Who Gets The Most From Hammer Curls

Hammer curls make sense for most lifters, but they shine for a few groups. New lifters usually pick up the form fast. People with stiff wrists often like the neutral grip more than a straight underhand curl. Lifters chasing fuller arms also tend to keep them in year-round because the carryover is easy to see.

They’re also handy when straight-bar curls irritate the wrists or elbows. A neutral dumbbell path gives each arm a little freedom, and that can make training feel smoother. If pain is sharp or sticks around outside the gym, don’t grind through it. Step back, trim load, and sort the issue before piling on more volume.

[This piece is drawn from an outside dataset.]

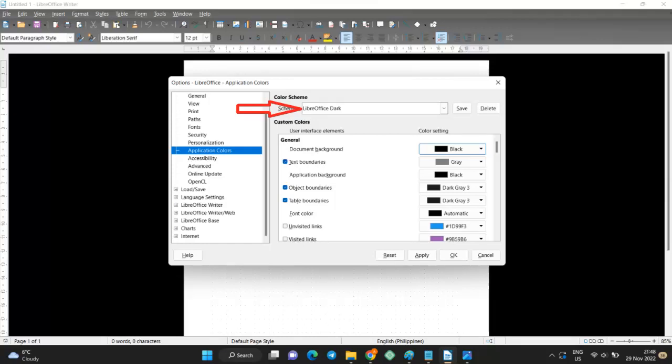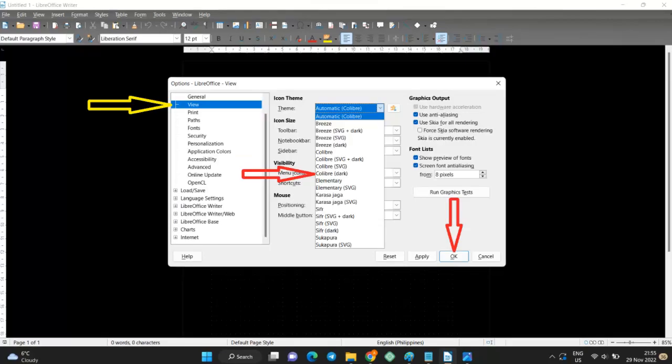Click on Apply. Next select View. In Icon Theme open the drop-down menu under Theme. Choose Breeze or Calibur from the drop-down menu. Click on OK.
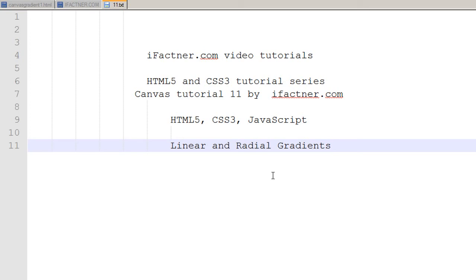Hey guys and girls, what's going on? I welcome you to your 11th HTML5 Canvas tutorial.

When Another Curl Variation May Fit Better

Hammer curls are not the whole answer. If you want more peak, an incline dumbbell curl or a strict preacher curl may earn more room. If you want the hardest forearm bias, reverse curls may fit better. If you want steady tension from start to finish, cable curls can be a strong match.

That’s why the smartest call is not “hammer curls or biceps curls.” Hammer curls are a biceps exercise. They just train the arm through a different grip and a different feel. Use them as part of the curl lineup, not as the only ticket.

The Real Answer

Hammer curls are for biceps, and they’re also for the muscles that make the arm look complete. That mix is what gives them value. Do them with a clean neutral grip, control the lowering phase, and pair them with at least one supinated curl if fuller arm growth is the target.

If your workouts already have rows, chin-ups, and standard curls, hammer curls can be the missing piece that rounds out the upper arm and upper forearm. They’re not flashy. They just work when the reps stay honest.